▶ [Input records]:
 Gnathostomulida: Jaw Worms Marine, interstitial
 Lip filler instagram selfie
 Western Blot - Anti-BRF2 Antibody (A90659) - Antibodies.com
--
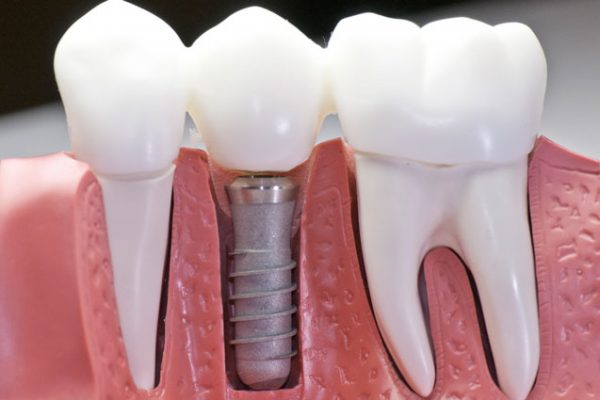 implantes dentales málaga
--
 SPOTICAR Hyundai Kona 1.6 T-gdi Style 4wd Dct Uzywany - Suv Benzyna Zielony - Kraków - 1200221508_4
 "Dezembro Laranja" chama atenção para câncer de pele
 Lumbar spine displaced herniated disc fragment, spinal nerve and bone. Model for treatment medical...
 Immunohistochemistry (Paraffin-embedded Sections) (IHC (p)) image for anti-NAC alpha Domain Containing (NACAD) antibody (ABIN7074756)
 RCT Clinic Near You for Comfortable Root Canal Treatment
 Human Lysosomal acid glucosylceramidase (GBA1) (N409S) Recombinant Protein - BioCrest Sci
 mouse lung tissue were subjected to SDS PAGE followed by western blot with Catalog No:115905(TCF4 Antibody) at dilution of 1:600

▶ [Task description]:
After locating the line with "Gnathostomulida: Jaw Worms" above, return that line and every later line through the one with "Western Blot - Anti-BRF2", word for word and with nothing else.

▶ [Answer]:
 Gnathostomulida: Jaw Worms Marine, interstitial
 Lip filler instagram selfie
 Western Blot - Anti-BRF2 Antibody (A90659) - Antibodies.com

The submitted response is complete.